It begins at the movie theatre where boy meets girl and boy is smitten at first sight. He asks her name and where she lives but when the movie ends she disappears into the night.
He can’t get her out of his mind. She’s made an indelible impression and he’s determined to find her again. He goes to the public phone box to search the phone book. Unfortunately her surname is Smith. He wades through page after page after page, not once, not twice but three times. With his frustration and desperation levels rising rapidly he begins again and this time with microscopic accuracy. Every page he doesn’t find her, he tears out and soon the box is littered with discarded Smiths lying helplessly on the floor.
On the very last page he finds her.
There was no doubting his commitment or his love. Once when she went on holidays to the Blue Mountains, he rode his pushbike, the sort without gears, the 124kms up the steep mountain passes just so they could spend time together.
They longed to get married but it was the middle of the Great Depression and there were few jobs and even less money. He was determined to buy her an engagement ring and earn enough to pay for a wedding so he headed to Central Western NSW to the little wheat belt town of Caragabal and got a job on the railways. It was mid summer, the heat intense, but he refused to give up until he had saved what they needed.
This story came back to me last week when I heard about a man texting the woman he had been dating for some time, to break off the relationship saying it just wasn’t working for him.
She was absolutely devastated and although it was best she discovered the caliber of the man sooner rather than later, it isn’t the first time I’ve heard about this happening.

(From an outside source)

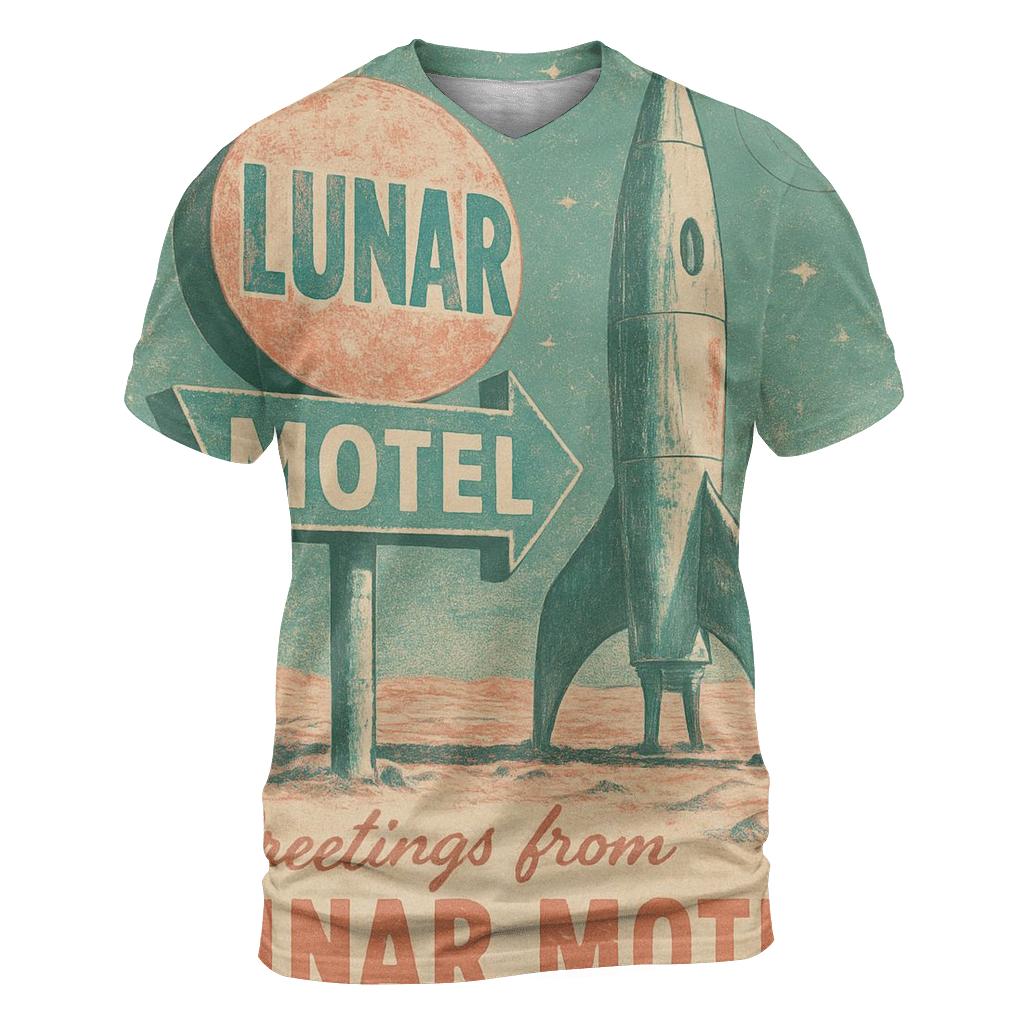 Weathered Space Tourist Postcard 1977 trendy printed shirt styles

Is this what love has been reduced to in a digital age? Are online dating, speed dating and social media chipping away at the very essence of love, of loyalty, commitment and perseverance? Is love becoming easy and dispensable? And is communication being reduced to a handful of letters on a screen rather than the tough face to face discussions that build strong foundations for a relationship?
My parent’s love was tested in the furnace of adversity. It was neither easy or dispensable but persevering and stronger for the struggle. And it stood by them in the hardships ahead, ones they couldn’t have contemplated including the loss of a child.
Love, in all its complexities is the most powerful force in the universe but it comes at a price … the cost of self-sacrifice … the cost of giving up ourselves for another.